Bonehead by Mo Hayder (Hodder & Stoughton, £22)
Hayder’s untimely death in 2021 robbed us of an imagination unparalleled in both its darkness and its audacity. Her final novel, Bonehead, is as haunting and distinctive as its predecessors. In a Gloucestershire community years after a coach crash in which six teenagers were killed, blame and rumour still abound. Dogs go missing and the eponymous faceless woman, thought to be a ghost, drifts through woods where nature itself seems entirely malevolent. Survivor Alex, now a police officer, is determined to discover what really happened on the night of the crash, when she glimpsed Bonehead seconds before the coach left the road.
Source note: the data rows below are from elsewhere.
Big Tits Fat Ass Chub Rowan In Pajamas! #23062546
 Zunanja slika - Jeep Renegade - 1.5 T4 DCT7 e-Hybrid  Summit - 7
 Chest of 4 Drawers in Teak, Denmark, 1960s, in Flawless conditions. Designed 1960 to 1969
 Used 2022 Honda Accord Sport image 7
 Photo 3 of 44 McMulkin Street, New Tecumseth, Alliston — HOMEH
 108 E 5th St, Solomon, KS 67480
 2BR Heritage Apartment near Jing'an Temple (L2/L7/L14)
Although there is an imbalance to this book, presumably because of the circumstances in which it was written – the ending seems rushed in contrast to the expertly paced ratcheting of tension in the first half – the final page is a classic Hayder shocker.

When We Were Silent by Fiona McPhillips (Bantam, £16.99)
Set in an exclusive Dublin school, Irish journalist McPhillips’s debut novel is a story of consent, agency and the abuse of power. In 1986, 17-year-old Louise takes up a coveted place at Highfield Manor with the aim of avenging her friend Tina, who, pregnant as a result of rape by swimming coach Maurice McQueen, took her own life. When McQueen hits on Louise, no one believes her – both she and Tina are from the wrong side of the tracks, which doesn’t help – and her efforts both to avenge her friend and stop Shauna, who she loves, suffering the same fate, end in a fatality. Years later, Louise is approached to thelp a 14-year-old victim of the current Highfield coach, but it soon becomes clear that somebody wants her to remain silent. Suspenseful and beautifully written, this novel perfectly captures teenage intensity and anguish, as well as the lasting damage done by predatory men and those who enable them.

The Mystery of the Crooked Man by Tom Spencer (Vertigo, £16.99)
The central character in this refreshingly oddball homage to golden age fiction is cantankerous archivist Agatha Dorn, who is catapulted into the limelight when she discovers a lost manuscript by the famous Gladden Green, who bears resemblance to Agatha Christie (sharp-eyed readers will also spot a couple of references to near-namesake Graham Greene). Disgraced when the novel is revealed to be a fake, Agatha turns detective when her former partner, Amy Murgatroyd, is found dead with a scrap of the manuscript beside her. Whether or not you enjoy this will, I suspect, be largely down to whether you warm to Agatha, who is prickly and far too fond of gin; born in the 1970s, she seems to date from a far earlier time. However, the plot is nicely convoluted, and there are some surprisingly poignant moments.